Image-caption web data:

□ □ □ □ □ □ □

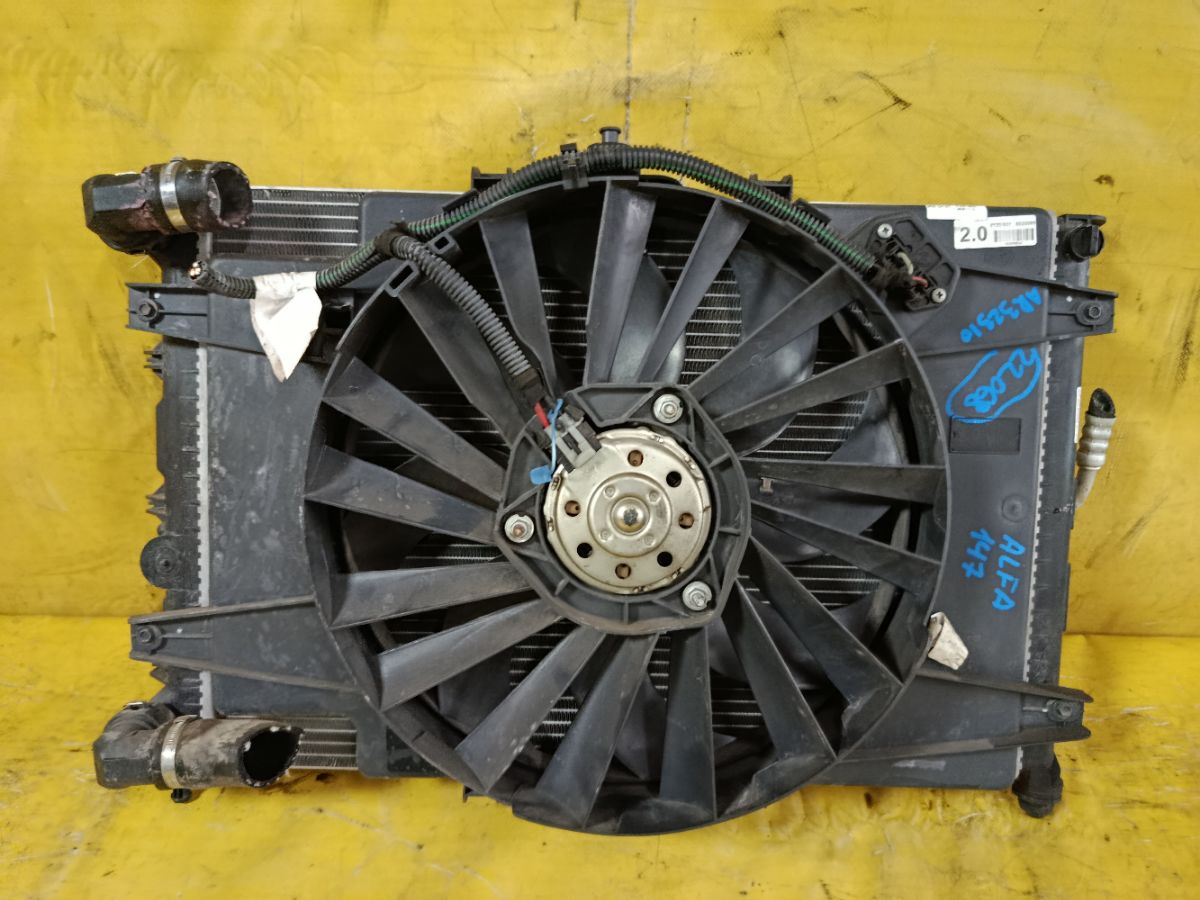 Радиатор ДВС на Alfa Romeo 147 AR32310 Фото 2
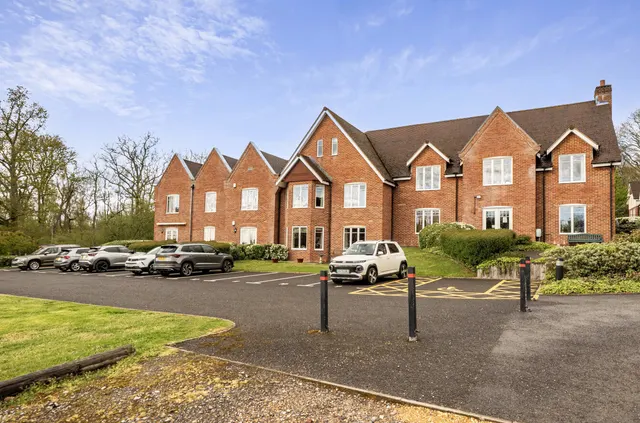 Salisbury Road, Sherfield English, SO51, photo 1
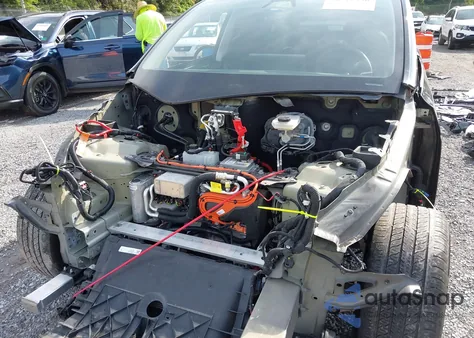 2023 Tesla Model Y Awd/Long Range Dual Motor All-Wheel Drive из США, поврежденный, VIN 7SAYGDEE7PF825882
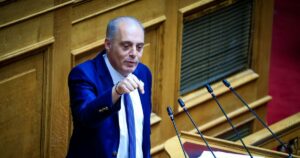 Δραματική αντιπαράθεση Βελόπουλου - Καιρίδη στη Βουλή: «Ρε καημένο παιδί, υπουργός δεν θα γίνεις ξανά»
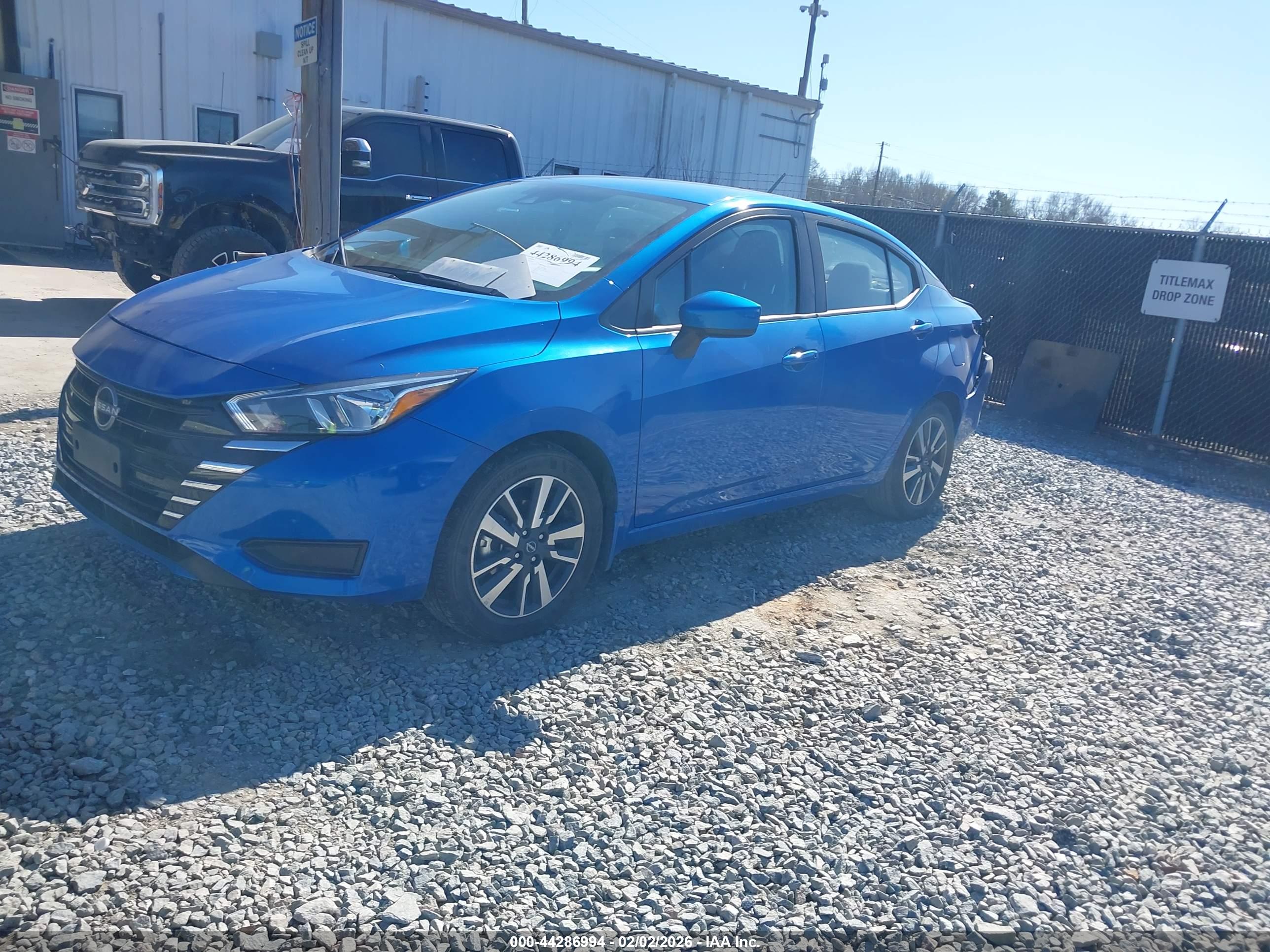 NISSAN VERSA image 2
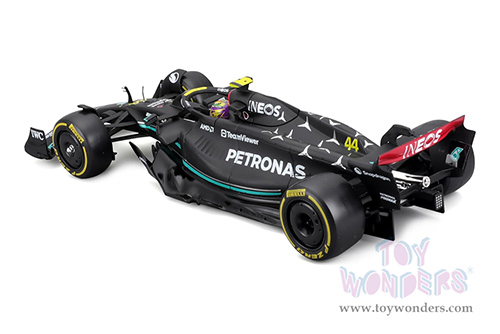 Bburago Formula Racing - Mercedes AMG Petronas F1 Team #44 Lewis Hamilton with Driver Formula One F1 W14 E Performance (2023) (1/24 scale diecast model car, Black) 18-28028/44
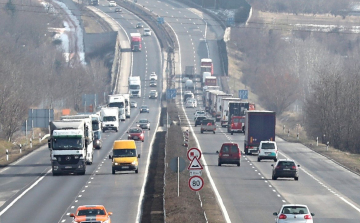 Munkálatok miatt hétfőtől lezárások lesznek az M1-esen, az M3-ason és az M7-esen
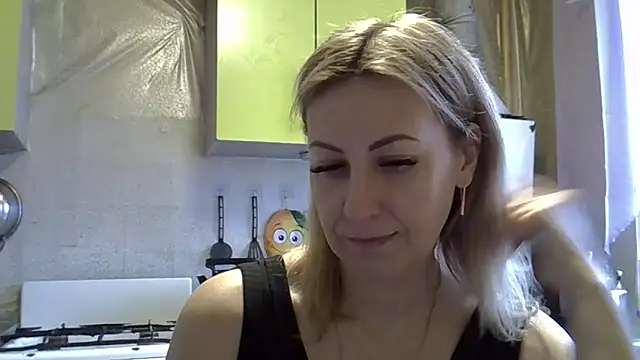 AshleyXHoney online show from February 10, 7:04 am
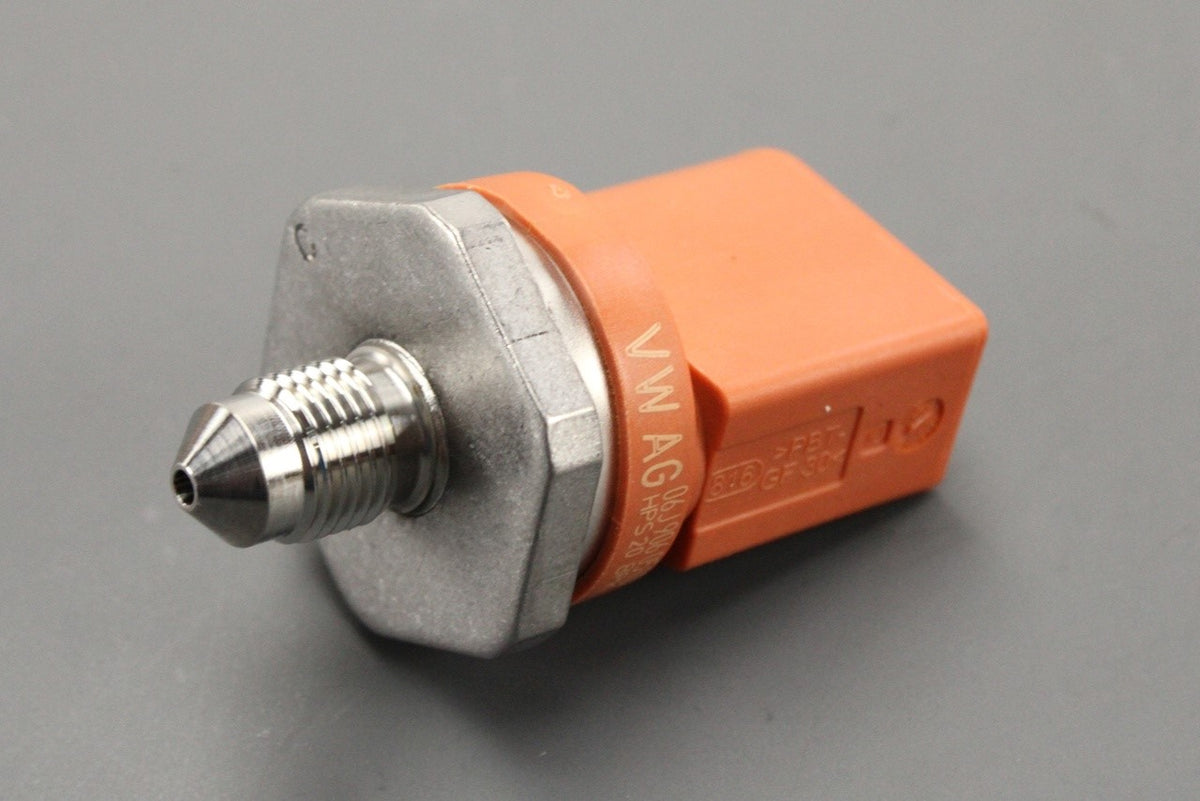 VW Golf Audi R8 Skoda SEAT Leon fuel pressure sensor (petrol) 06J906051D, view 1
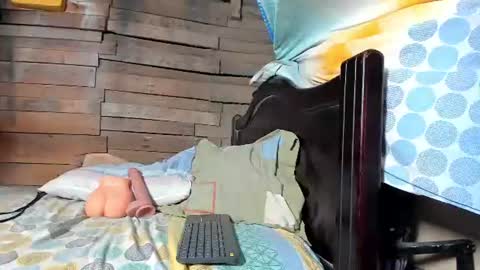 alariprincess online show from August 13, 5:16 pm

□ □ □ □ □ □ □

__Task directions__
Take the line containing "2023 Tesla Model" as the first line and the last line of the data above as the final one, and output exactly the lines between them, inclusive, with no pictures.

__Exercise answer__
 2023 Tesla Model Y Awd/Long Range Dual Motor All-Wheel Drive из США, поврежденный, VIN 7SAYGDEE7PF825882
 Δραματική αντιπαράθεση Βελόπουλου - Καιρίδη στη Βουλή: «Ρε καημένο παιδί, υπουργός δεν θα γίνεις ξανά»
 NISSAN VERSA image 2
 Bburago Formula Racing - Mercedes AMG Petronas F1 Team #44 Lewis Hamilton with Driver Formula One F1 W14 E Performance (2023) (1/24 scale diecast model car, Black) 18-28028/44
 Munkálatok miatt hétfőtől lezárások lesznek az M1-esen, az M3-ason és az M7-esen
 AshleyXHoney online show from February 10, 7:04 am
 VW Golf Audi R8 Skoda SEAT Leon fuel pressure sensor (petrol) 06J906051D, view 1
 alariprincess online show from August 13, 5:16 pm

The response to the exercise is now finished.